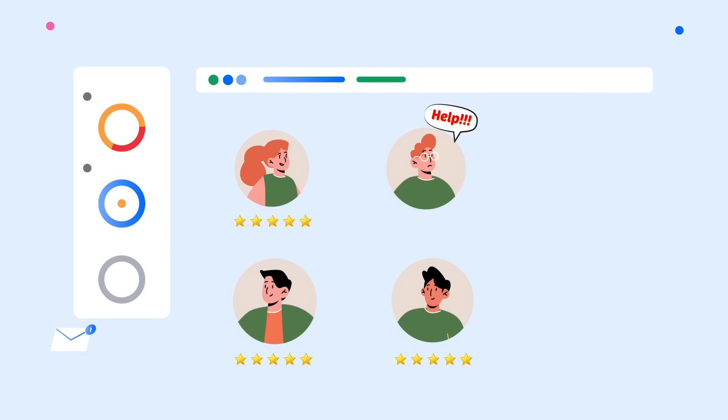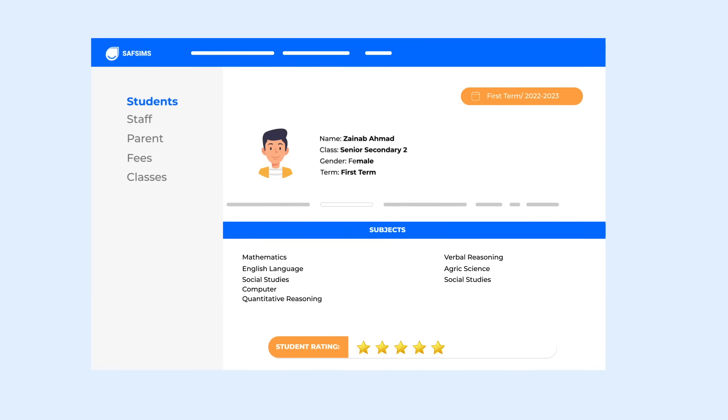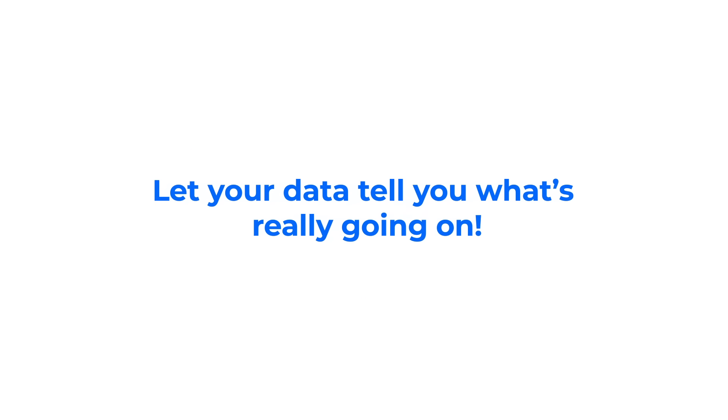Find out which kids need extra help, who miss school, and which classes your students are acing — with the SAF-SIMS Intuitive Records Manager. Let your data tell you what's really going on.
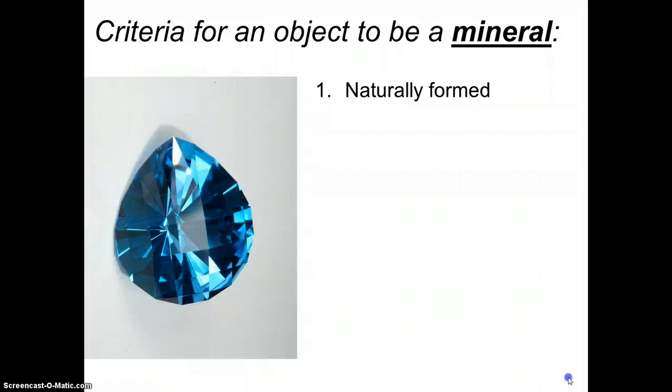The second requirement — to be a mineral, the object must be a solid at room temperature. So if we think about milk, we know milk has calcium in it and calcium is a mineral, but milk is not a mineral because it's not solid at room temperature. Blood is not a mineral because it's not solid at room temperature.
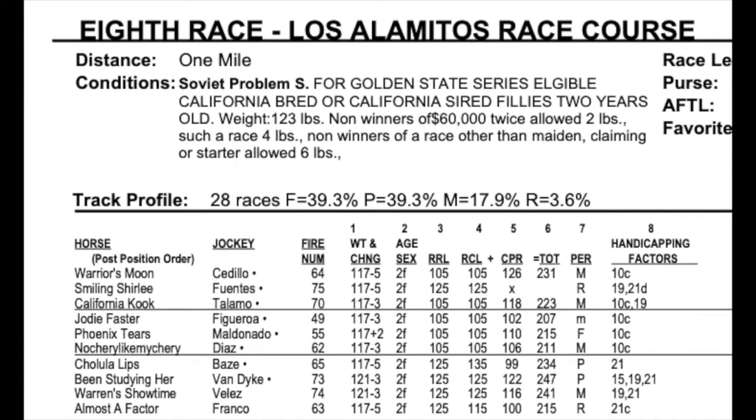I'm going to jump over to the information I'm most interested in from the race header — go to line four and five. Line four is the RCL, basically the class level that the horses have been performing at. Line five is the CPR, the Comprehensive Performance Rating, which takes into account pace, final time, and closing fraction. Line six shows the total: you take the RCL, add it to the CPR, and get a total number. The higher the number, the better.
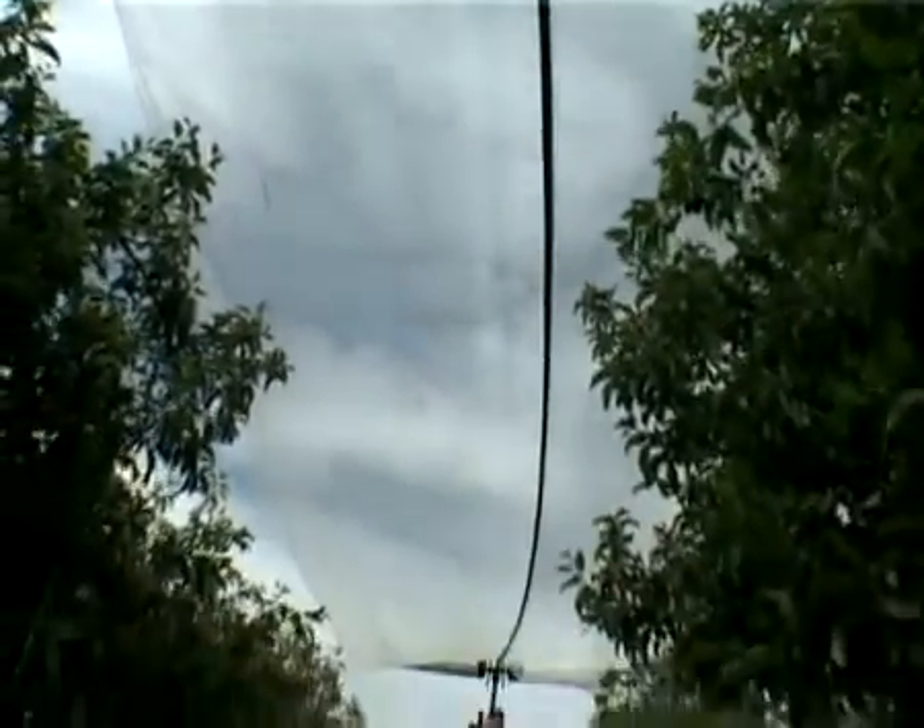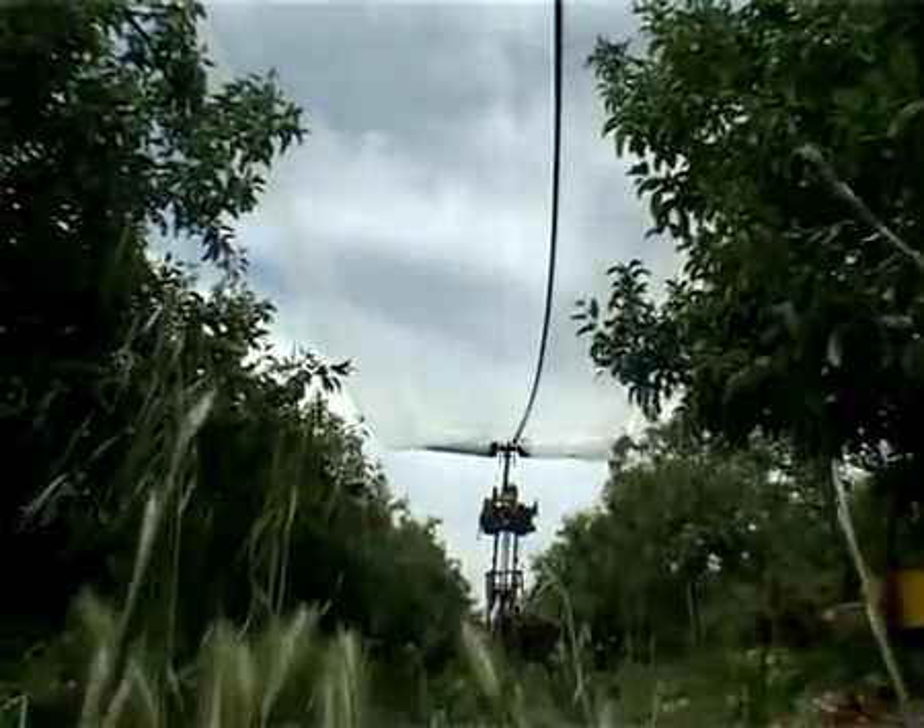I recommend the zipper to anyone who plans to cover their orchards with nets and to remove them at the end of the season. It's very strong and it affords quick work. It requires much less time than any of the other solutions we've used in the past.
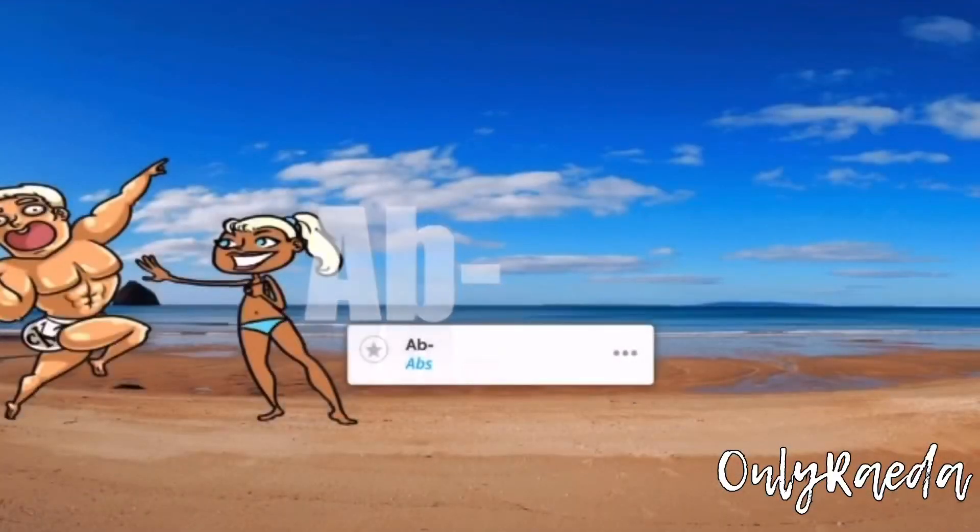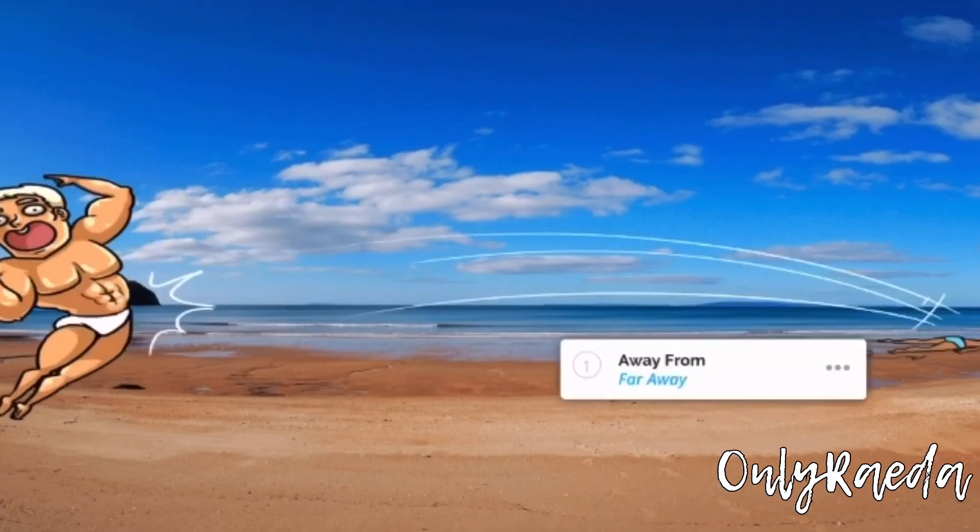For the prefix 'ab-', think of a six pack of abs — it means far away. Imagine a buff guy flexing his abs on the beach, blowing an admirer far away. An example is 'abduct,' meaning the movement of a body part away from the rest of the body.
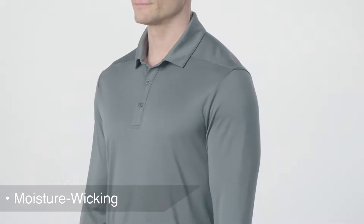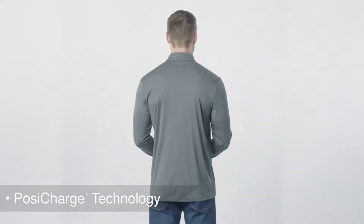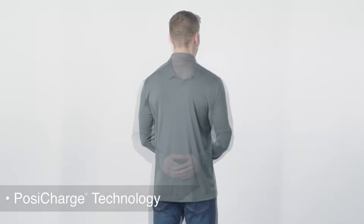Designed for work or play, this high-performance long-sleeve polo offers a soft, matte hand and moisture wicking for comfort while also delivering exceptional UV protection. Our PosiCharge technology locks in color and keeps logos crisp, making this polo a great choice for those who spend the day in or out of the sun.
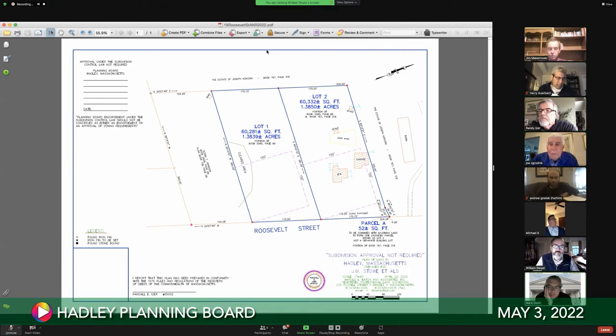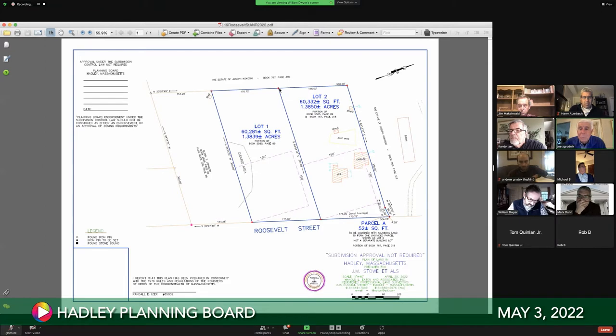Discussion about the garage being right on the line — that's pre-existing, and nothing can be done about it. The abutter was willing to give up the frontage, but the pre-existing non-conforming use of the shed and garage was not part of the negotiation. They're very close to the lot line, but that's acknowledged as pre-existing.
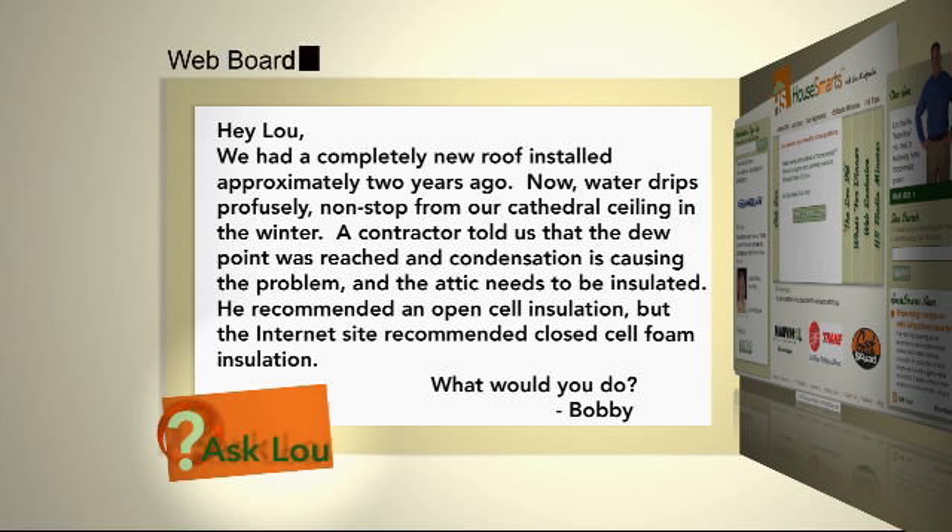Here's an email from Bobby. We had a completely new roof installed approximately two years ago. Now water drips profusely non-stop from our cathedral ceiling in the winter. A contractor told us that the dew point was reached and condensation is causing the problem and the attic needs to be insulated. He recommended open cell insulation, but an internet site recommended closed cell foam insulation. What would you do?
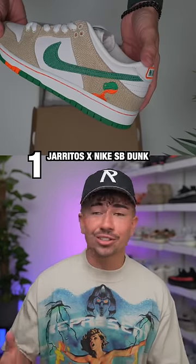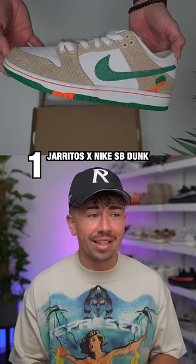In at number one, the Haritos Nike SB Dunk Low. This is just an insanely nice collaboration that looks great on foot. So the question is, do you agree?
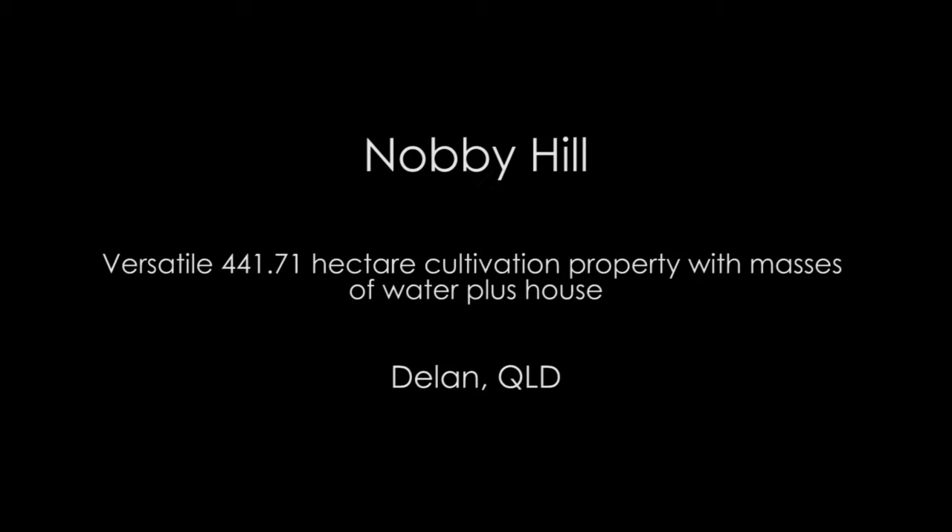Introducing Nobby Hill — a versatile 441.71 hectare cultivation property with masses of water plus house, located in Dellen, Queensland.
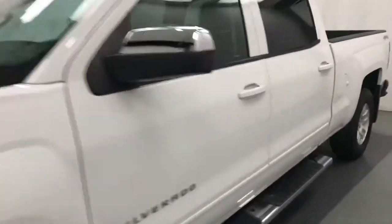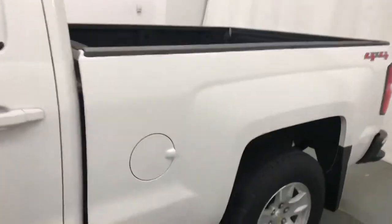Today we're reviewing stock number 196717 on a 2015 Chevy Silverado, and our exterior color is white.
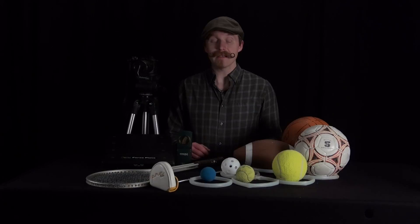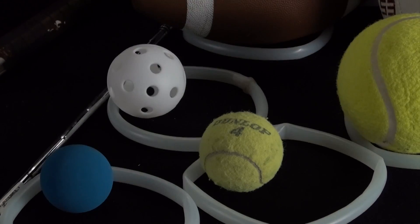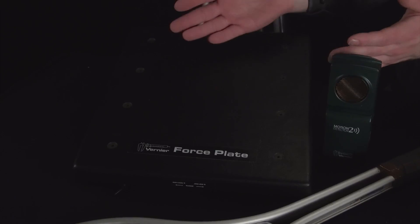We're going to provide a whole bunch of possible equipment to use. You can see I've got a whole bunch of different sports equipment out here on the table. We're also going to have a whole bunch of sensors around — we've got force plates, sonic rangers, maybe a couple other tools too.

◇ ◇ ◇ ◇ ◇ ◇ ◇

## YOUR GOAL:
Every line of the data above is to be set down exactly; the pictures are not.

## SOLUTION FOR THIS EXERCISE:
Find out which kids need extra help, who miss school, and which classes your students are acing — with the SAF-SIMS Intuitive Records Manager. Let your data tell you what's really going on.
The second requirement — to be a mineral, the object must be a solid at room temperature. So if we think about milk, we know milk has calcium in it and calcium is a mineral, but milk is not a mineral because it's not solid at room temperature. Blood is not a mineral because it's not solid at room temperature.
I'm going to jump over to the information I'm most interested in from the race header — go to line four and five. Line four is the RCL, basically the class level that the horses have been performing at. Line five is the CPR, the Comprehensive Performance Rating, which takes into account pace, final time, and closing fraction. Line six shows the total: you take the RCL, add it to the CPR, and get a total number. The higher the number, the better.
I recommend the zipper to anyone who plans to cover their orchards with nets and to remove them at the end of the season. It's very strong and it affords quick work. It requires much less time than any of the other solutions we've used in the past.
For the prefix 'ab-', think of a six pack of abs — it means far away. Imagine a buff guy flexing his abs on the beach, blowing an admirer far away. An example is 'abduct,' meaning the movement of a body part away from the rest of the body.
Designed for work or play, this high-performance long-sleeve polo offers a soft, matte hand and moisture wicking for comfort while also delivering exceptional UV protection. Our PosiCharge technology locks in color and keeps logos crisp, making this polo a great choice for those who spend the day in or out of the sun.
Discussion about the garage being right on the line — that's pre-existing, and nothing can be done about it. The abutter was willing to give up the frontage, but the pre-existing non-conforming use of the shed and garage was not part of the negotiation. They're very close to the lot line, but that's acknowledged as pre-existing.
Here's an email from Bobby. We had a completely new roof installed approximately two years ago. Now water drips profusely non-stop from our cathedral ceiling in the winter. A contractor told us that the dew point was reached and condensation is causing the problem and the attic needs to be insulated. He recommended open cell insulation, but an internet site recommended closed cell foam insulation. What would you do?
In at number one, the Haritos Nike SB Dunk Low. This is just an insanely nice collaboration that looks great on foot. So the question is, do you agree?
Introducing Nobby Hill — a versatile 441.71 hectare cultivation property with masses of water plus house, located in Dellen, Queensland.
Today we're reviewing stock number 196717 on a 2015 Chevy Silverado, and our exterior color is white.
We're going to provide a whole bunch of possible equipment to use. You can see I've got a whole bunch of different sports equipment out here on the table. We're also going to have a whole bunch of sensors around — we've got force plates, sonic rangers, maybe a couple other tools too.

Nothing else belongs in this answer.